Calls for stronger enforcement on vehicle idling — particularly outside schools and health centres — are being made by Glasgow councillors.
Cllr Angus Millar, the city’s convener for climate and transport, said “soft touch” government regulations are limiting the council’s ability to “affect the behavioural change we all want to see”.
Current fines for idling offences are “just £20”, he said, and enforcement officers must initially have a “gentle chat” with motorists.
“Vehicle engine idling represents a serious threat to air quality and to public health in our city,” the SNP councillor added.
He was responding to a question by Cllr Lana Reid-McConnell, Greens, who wants to see the Scottish Government strengthen guidance on idling, especially outside schools, care homes and healthcare centres.
She also called for more to be done to raise awareness of the “damaging health implications”. “The severity of idling can be quite extreme and concentrated in some areas,” Cllr Reid-McConnell said.
Cllr Millar said he had written to former transport minister Kevin Stewart, SNP, to set out his views on “how idling enforcement can be strengthened to better support local authorities”.
He expressed his concern that “present enforcement tools” are “not sufficient”. Existing Scottish Government guidance “going back decades suggests the issuing of fixed penalty notices (FPN) for vehicle idling offences should be a last resort”, Cllr Millar said, with a “soft touch approach mandating engagement and a request to stop”.
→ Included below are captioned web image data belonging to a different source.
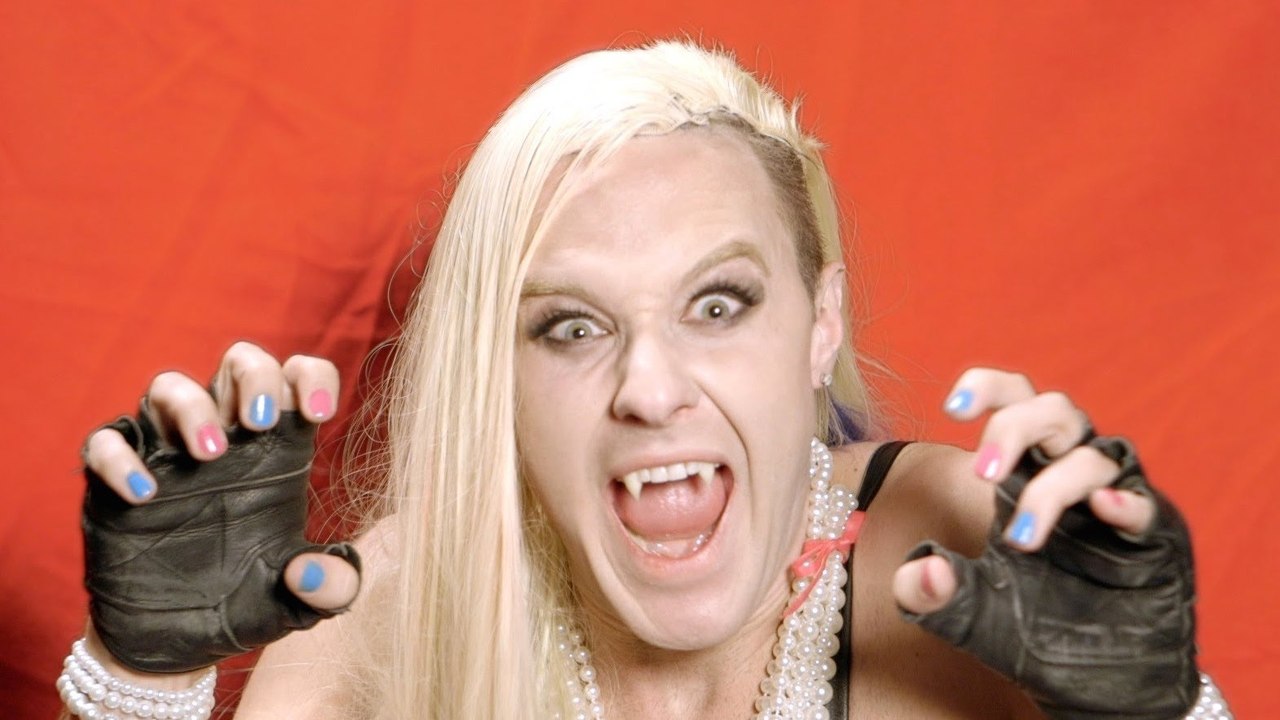 HOW TO BE AVRIL LAVIGNE & RUIN HELLO KITTY - VLOG # 20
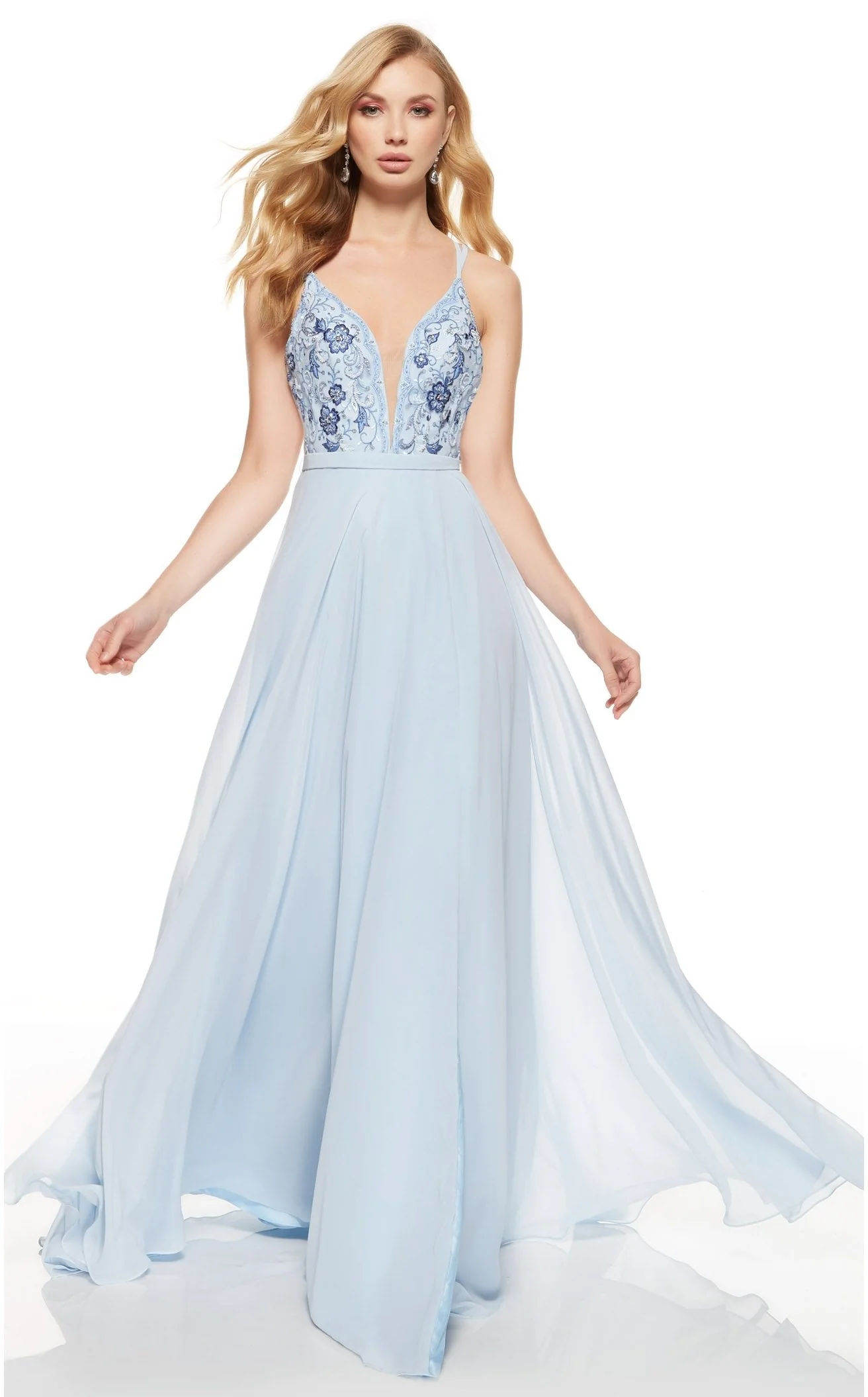 Alyce 60636 Dress - Image 3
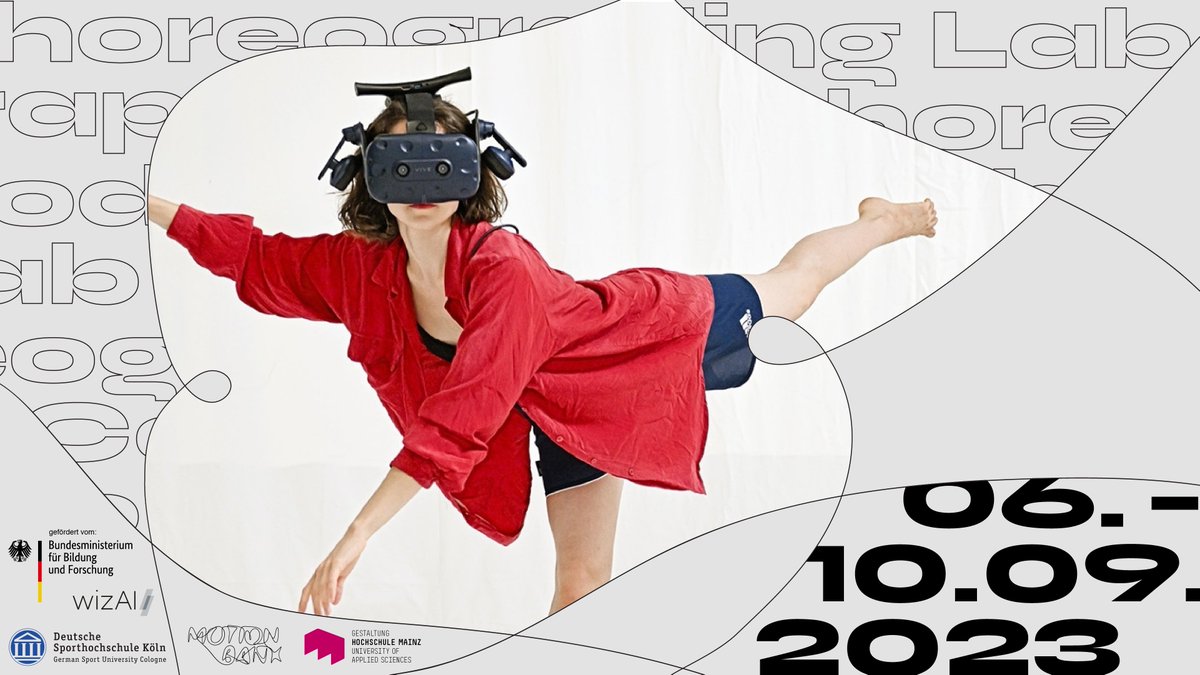 Motion Bank tweet media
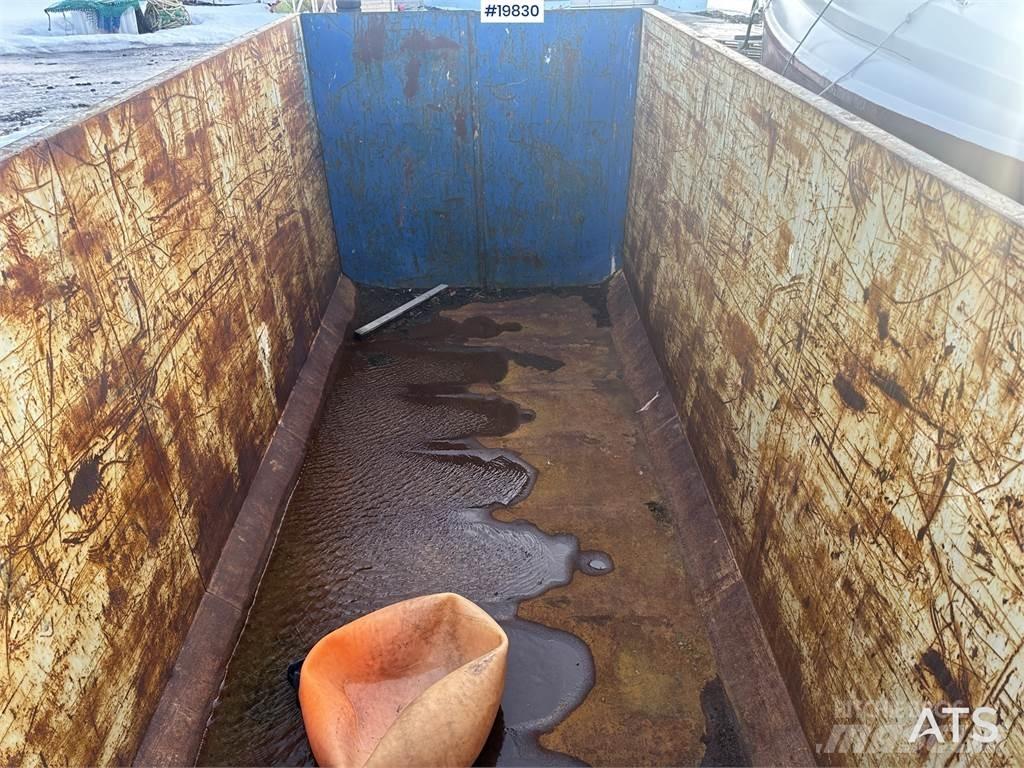  Container 30m3 Transportation - Others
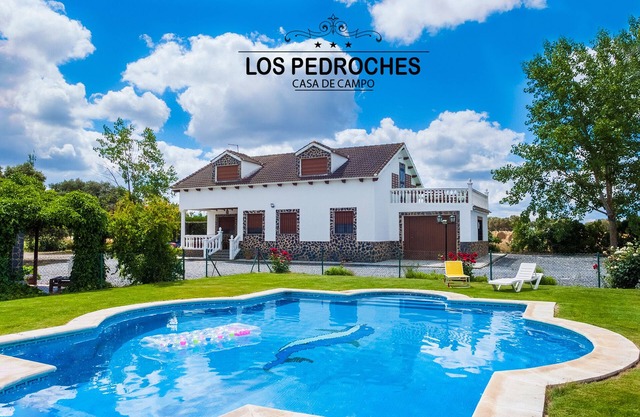 -House Los Pedroches-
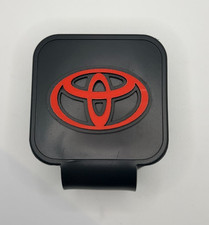 Toyota Trailer Hitch Cover Plug For Car Truck And Suv 2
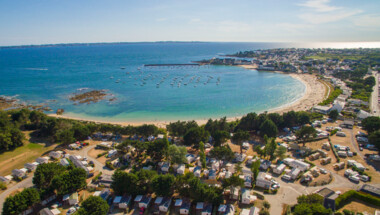 Week-end pour deux en bord de mer
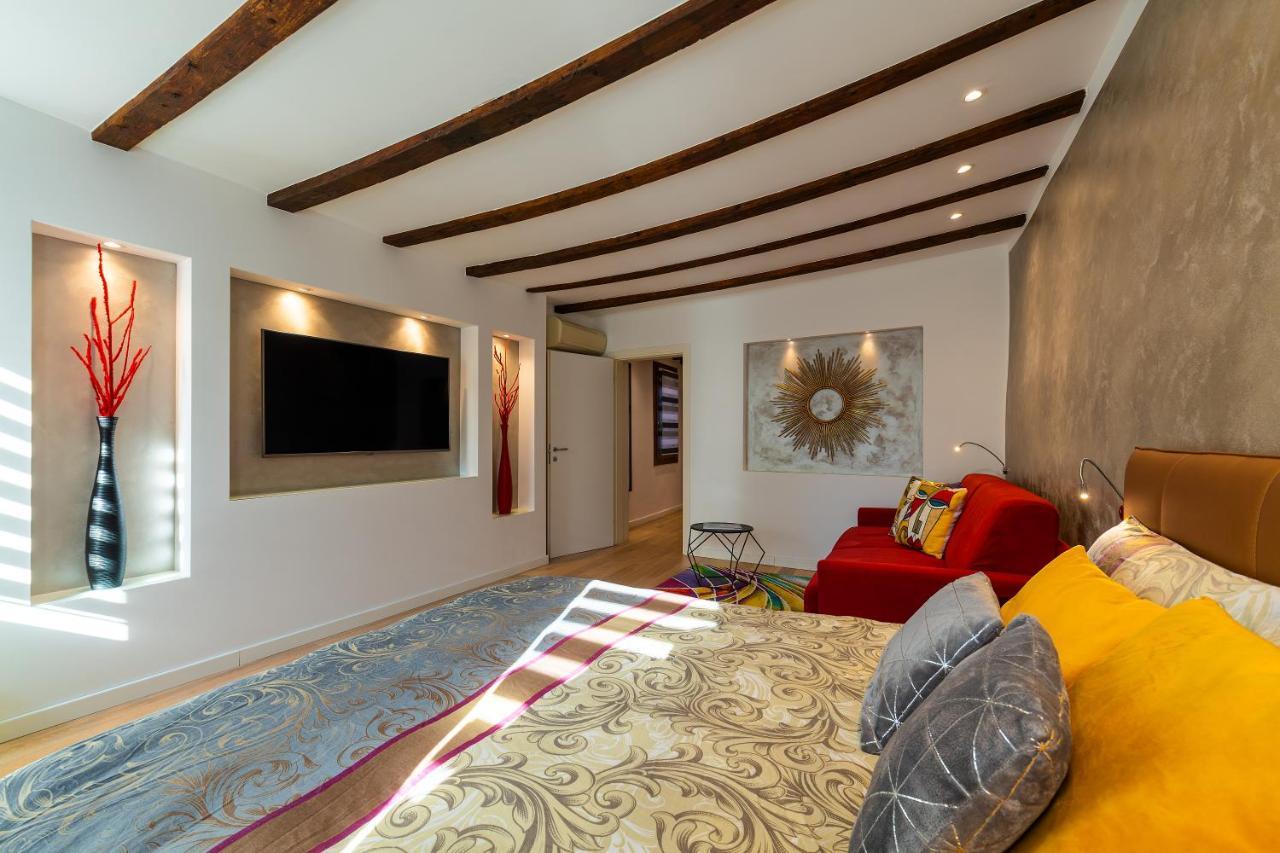 شقة Gdhouse 806 البندقية المظهر الخارجي الصورة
Officers can take action “only if they [motorists] refuse or are soon after caught re-offending”. “I think we all agree that an element of awareness raising and education is absolutely necessary and desirable and that we need to make sure that people are aware of the dangers of idling and their responsibilities under the law,” the transport convener added.
“But it is certainly clear to me that the current soft touch approach to idling enforcement mandated by the national government regulations is limiting our ability to affect the behavioural change that we all want to see.”
In his letter, he requested a review of the guidance, an expansion of who can issue idling FPNs to include parking attendants and an increase in fines, as the current £20 level was set in 2003 and has not kept pace with inflation.
He said the former minister told him the Scottish Government had “no plans to change the regulations” but he has “continued to pursue” the issue with new transport minister Fiona Hyslop.
Cllr Millar said he had secured a discussion on the issue at a meeting of the Convention of Scottish Local Authorities’ (COSLA) environment and economy board.
He will seek to “work with other local authorities, supporting calls for strengthening enforcement action”.